Fighting for a Voice and Winning a Place in the U.S. Economy
WASHINGTON, D.C. – (September 3, 2020) – This August, the National Women’s Business Council (NWBC) celebrated the Women’s Suffrage Centennial and Women’s Equality Day.
After over 70 years of persistence and strategic activism, women found a voice in our political process and opened the gates to pursuing their entrepreneurial destiny. Ratified on August 18, 1920, the 19th Amendment to the Constitution prohibited the states and federal government from denying the right to vote on the basis of sex. Fast forward 100 years, and women comprise almost 24% of the 116th Congress—not only casting ballots for themselves but voting in representation of hundreds of thousands of citizens on our nation’s most pressing issues, including those shaping the business climate.

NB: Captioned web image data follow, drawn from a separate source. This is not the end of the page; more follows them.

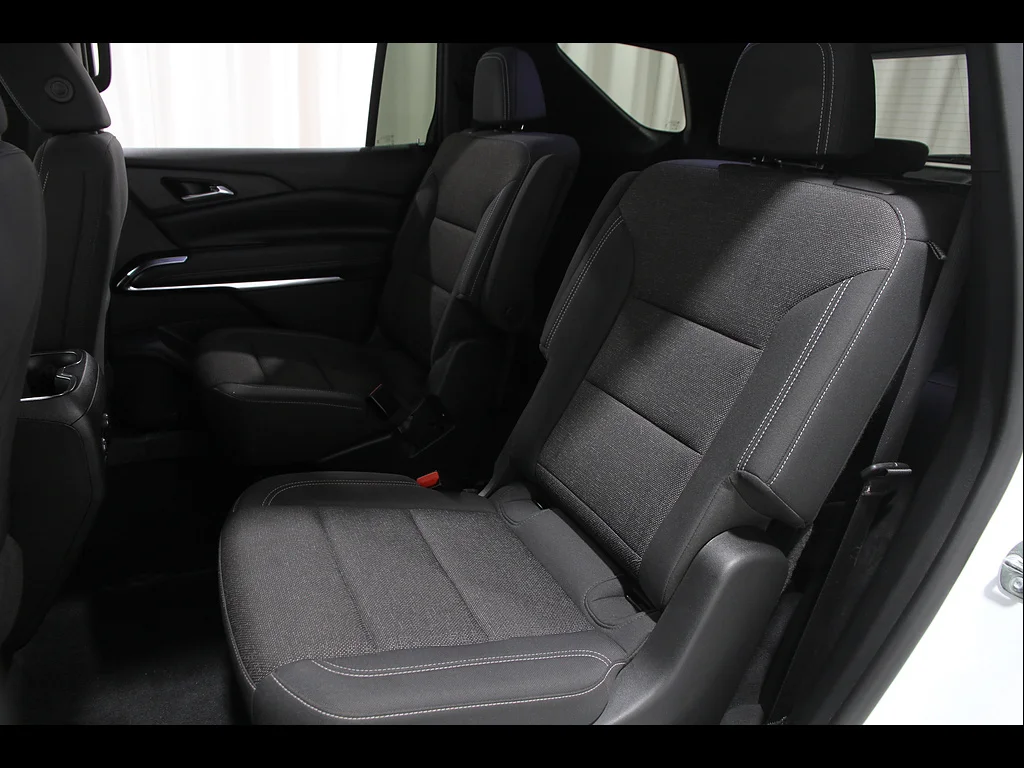 2024 Chevrolet Traverse 2LT - Photo 21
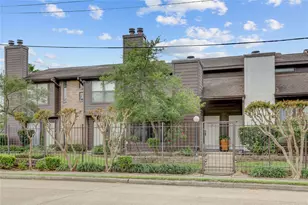 8020 Braesmain Dr, Houston, TX 77025 - Photo 1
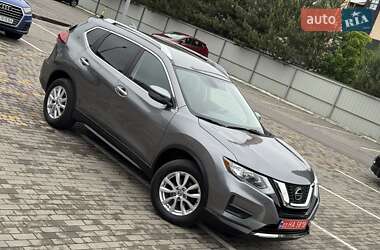 Внедорожник / Кроссовер Nissan Rogue 2018 в Луцке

As women’s role in American society expanded beyond the home front, through the political process, and into the realm of enterprise, another roadblock emerged to make their presence known. The Economic Census failed to include them in its data products. The Survey of Minority-Owned Business Enterprises (SMOBE) was introduced as a special project in 1969 and eventually became a part of the Economic Census in 1972. Still five years later in 1977, the Survey of Women-Owned Business Enterprises (SWOBE) was initiated to provide crucial demographic information on female entrepreneurs. SMOBE and SWOBE were eventually combined to create the Survey of Business Owners (SBO).